- Release art by Boris Vallejo
- Directed by: Howard R. Cohen
- Written by: Howard R. Cohen
- Produced by: Howard R. Cohen Roger Corman Steven Rabiner
- Starring: Rick Hill Maria Ford Brett Baxter Clark Michelle Moffett Anya Pencheva
- Cinematography: Emil Vagenshtain
- Edited by: Nancy Senoff Nadia Tsenova
- Music by: Simo Lazarov
- Production company: New Concorde
- Distributed by: New Horizons Home Video
- Release date: January 20, 1992 (U.S.);
- Running time: 85 minutes
- Countries: United States Bulgaria
- Language: English

= Deathstalker IV: Match of Titans =

1991 film by Howard R. Cohen

Deathstalker IV: Match of Titans, is a 1991 American-Bulgarian sword and sorcery fantasy film written and directed by Howard R. Cohen and starring Rick Hill, Maria Ford and Brett Baxter Clark.

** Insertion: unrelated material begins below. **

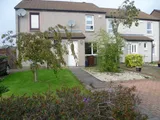Stoneyhill Road, Musselburgh EH21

A sequel to Deathstalker and the Warriors from Hell (1988) and it is the fourth installment in the Deathstalker film series. Hill, the first actor to portray the character, returns to the franchise, and in turn the film goes back to a more serious tone after two comedic installments. The U.S. box cover uses the slightly different title of Deathstalker IV: Match of the Titans.

==Plot==
Deathstalker takes part in a contest of strength—a challenge to lure competitors into the main arena of Queen Kana's castle. Mysteriously, combatants disappear from the castle one by one. Deathstalker acts to defend his fellow warriors, his life and his newfound love against an army of Stone Warriors and the Queen.

==Production==
===Development===
Deathstalker IV was the first American co-production shot in Bulgaria following the fall of the Communist regime. The film was commissioned by Roger Corman's Concorde Pictures, and production services were provided by Balkan Film Enterprise, a British corporation recently established to lure foreign producers to the country, with a 45 percent participation from the Bulgarian government. Several sources indicate that BFE was part of controversial medial mogul Robert Maxwell's empire. It was originally announced that filming would start on June 25, 1990, as part of a two-picture slate bookended by Barbarian Queen III, but the latter did not happen.

===Filming===
Photography took place between June 14 and August 17, 1990. Boyana Feature Film Studios in Sofia provided soundstages, while location filming took place in the Belogradchik Rocks area in the Northwest of the country. The exterior of Queen Kana's castle was represented by Baba Vida Fortress in Vidin. The film re-used some props from Khan Asparuh, a 1981 historical epic directed by local co-producer Ludmil Staikov. Bulgarian star Anya Pencheva was excited to be part of the milestone production, which remains a positive memory. Wanting to impress the American crew, she hurt her back in the mud and was nursed back to health by her co-star Đoko Rosić Several other action scenes were recycled from previous installments, a common practice of producer Roger Corman.

==Release==
===Theatrical===
Deathstalker IV: Match of Titans received theatrical exposure in some international markets such as Japan, where it premiered ahead of the U.S. on July 13, 1991, through Nippon Herald Films.

===Home media===
The film was released on U.S. VHS by New Horizons Home Video on January 29, 1992. In the U.K., the film's rental tape debuted on September 24, 1991, while the retail version only arrived one year later. Some sources show a Bulgarian VHS of the film credited to distributor Video ADI, although it sports a bootleg cover design lifted from the British version.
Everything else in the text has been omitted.